Po takim komentarzu tyrady Pallas do "opętańców mieczowych" otrzymałyby konieczny cudzysłów, nie pozbawiony teatralnego wdzięku. Przechodzimy na teren interpretacji radykalnie parodystycznej, ale nie wydaje się, aby można tego uniknąć jeśli naprawdę chce się ożywić i uwspółcześnić Wyspiańskiego.
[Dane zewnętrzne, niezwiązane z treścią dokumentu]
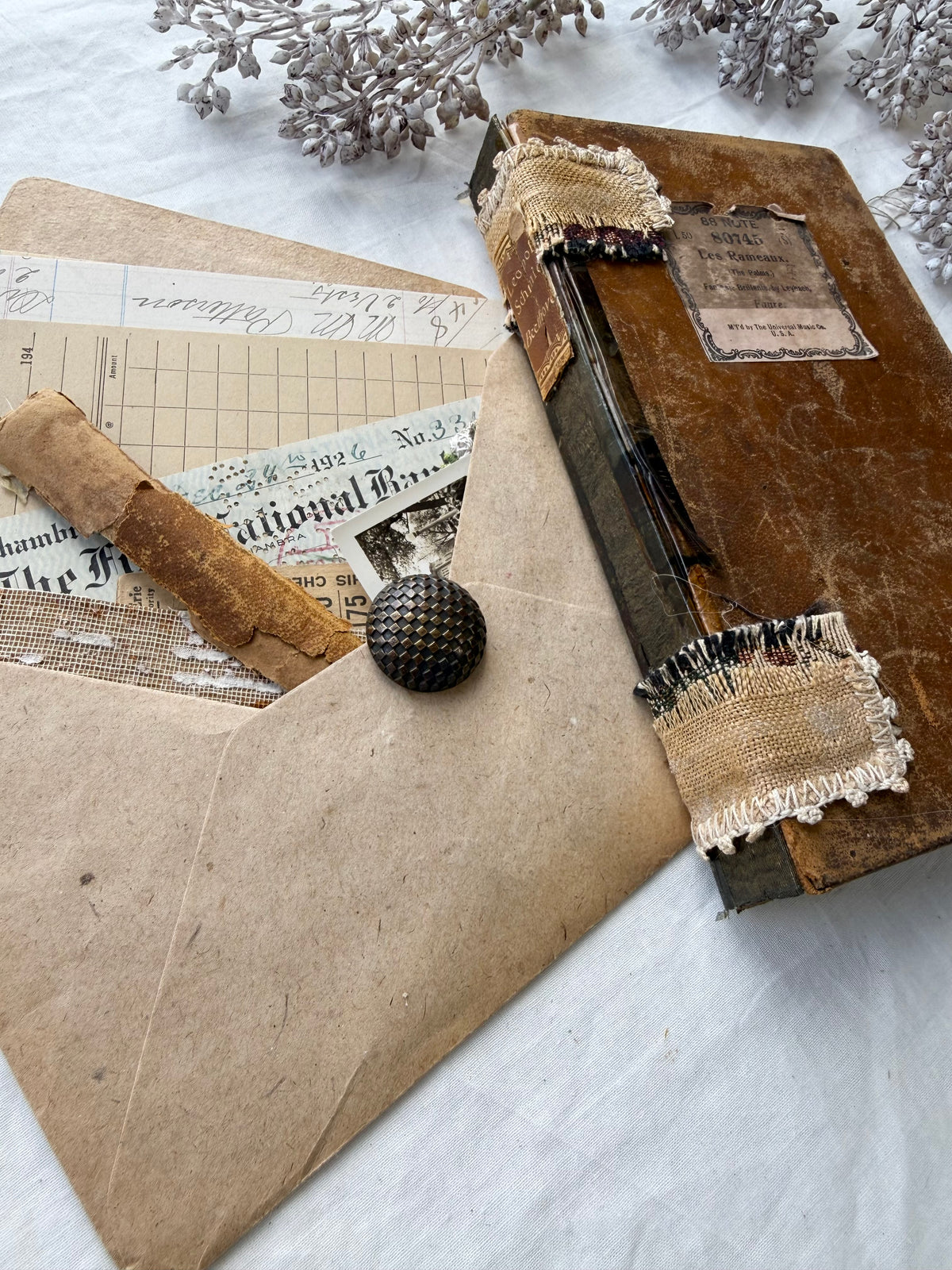 Handmade Journal Cover and Ephemera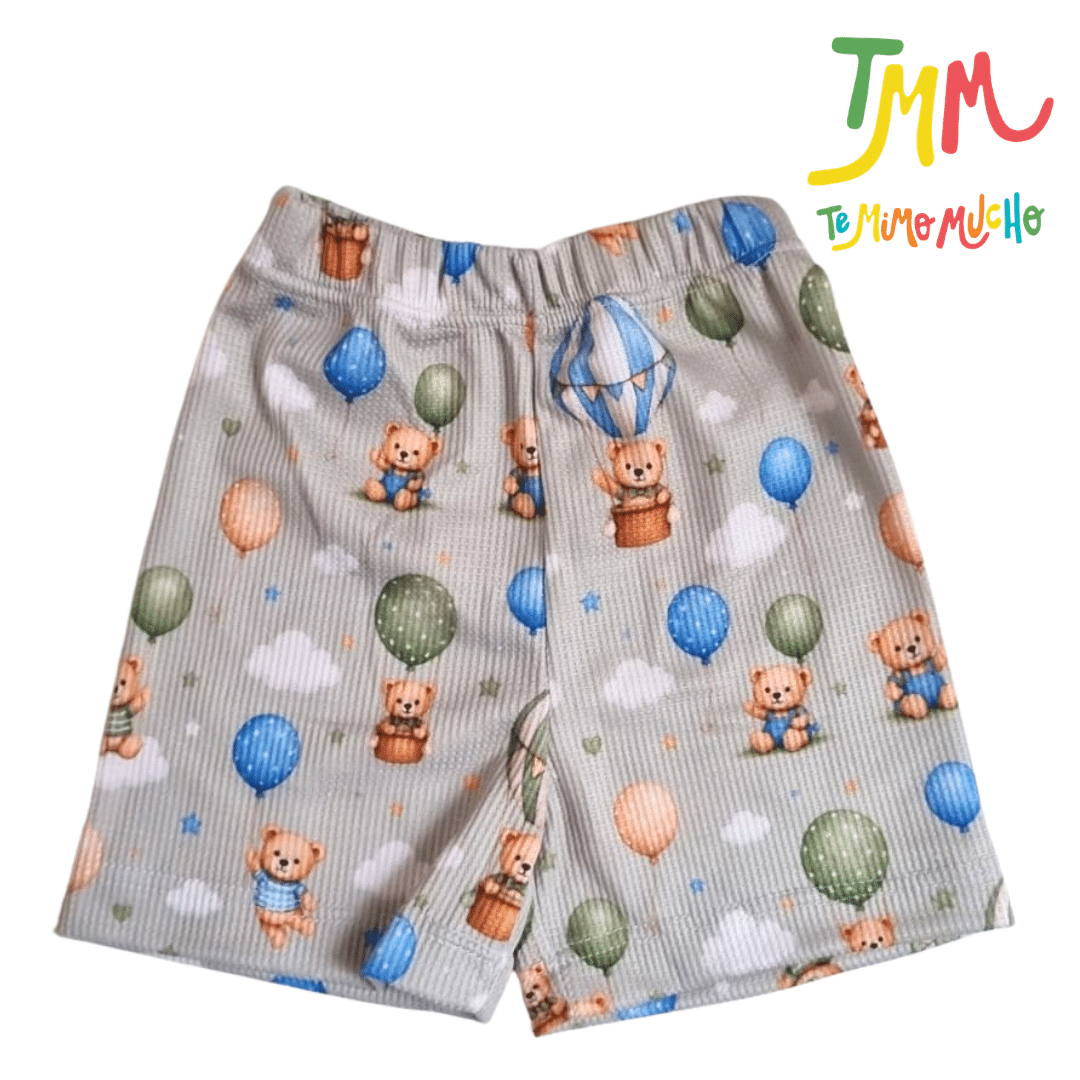 Conjunto Ositos Verde - Chaleco, Body y Short - Imagen 4
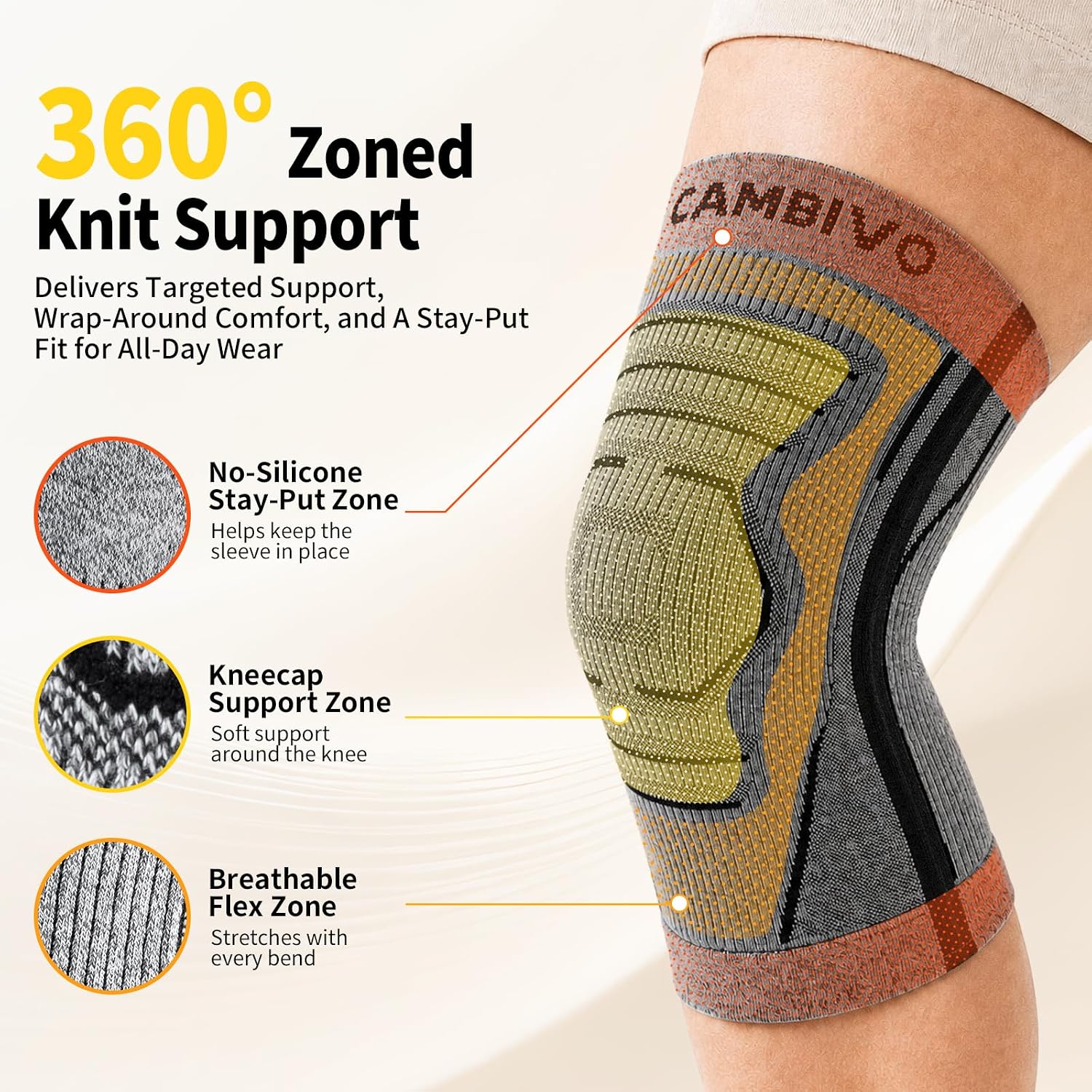 Thumbnail 6 de CAMBIVO 2 Pack Knee Support with PMMA Side Stabilizers – Lightweight, Breathable Knee Brace for Running and Daily Wear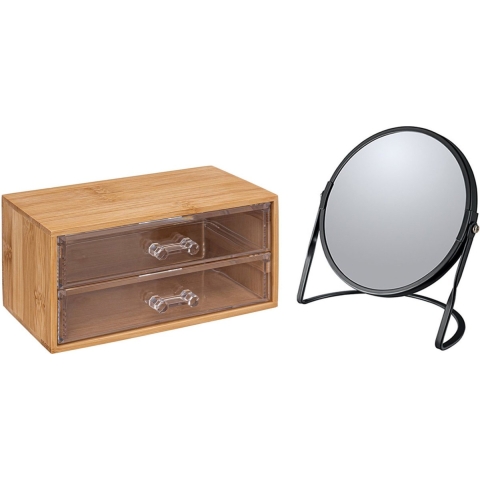 Make-up organizer en spiegel set - 2 lades - bamboe/kunststof - 5x zoom spiegel -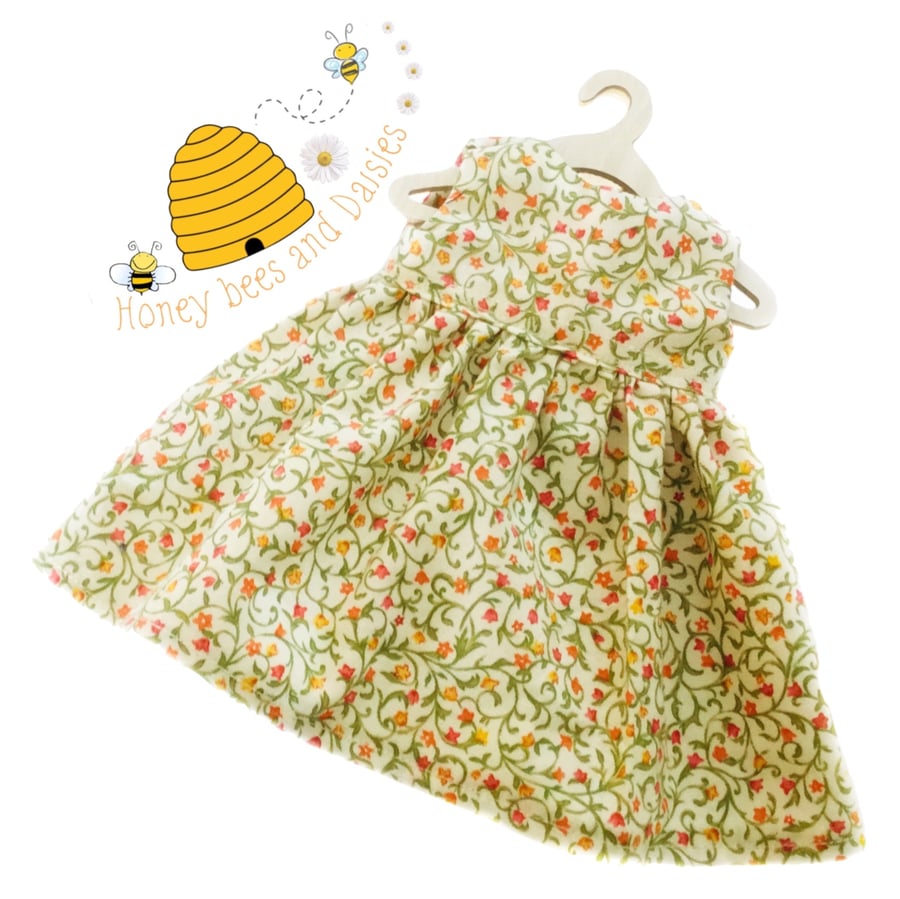 Reserved for Lesley - Cream Flowered Dress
Żadna interpretacja współczesna nie jest w stanie ukryć pustosłowia frazeologii heroiczno - wolnościowej Wyspiańskiego, operowej - w istocie - tonacji podniosłych tyrad:
Krzepcie się, orężna gromada!
Leć z nami, jako orzeł z orlęty!
Opętańcze mieczowy, do dzieła!
Kochanku - powstań ty,
zdruzgotaj cara, zgnieć!
Zapalaj burze, ognie nieć.
Krew świeża, pozwól wyssać, pić.
Ty Sławą będziesz żyć! etc. etc.
Nie pozostaje nic innego, jak właśnie to pustosłowie patetyczne uwydatnić i odkryć w nim znamiona stylu. "Noc listopadowa", odpowiadającą współczesnej krytycznej wrażliwości ideowej i stylistycznej, winna być o p e r ą buffo. Transformacji krytycznej, jakiej dokonali wobec operetki mieszczańskiej Brecht i Weill, pisząc "Operę za trzy grosze", dokonał - wprawdzie nieświadomie - wobec dramatu romantycznego Wyspiański. Wydobycie i ukazanie tego momentu rysuje się jako główne zadanie przyszłej inscenizacji "Nocy listopadowej". Czy jest ono wykonalne, okaże tylko praktyka. Uświadamiając konieczność nowego krytycznego odczytania dramatu, znakomita w swej ortodoksyjności wobec założeń autora, inscenizacja Dejmka wywołać może twórcze poruszenie umysłów.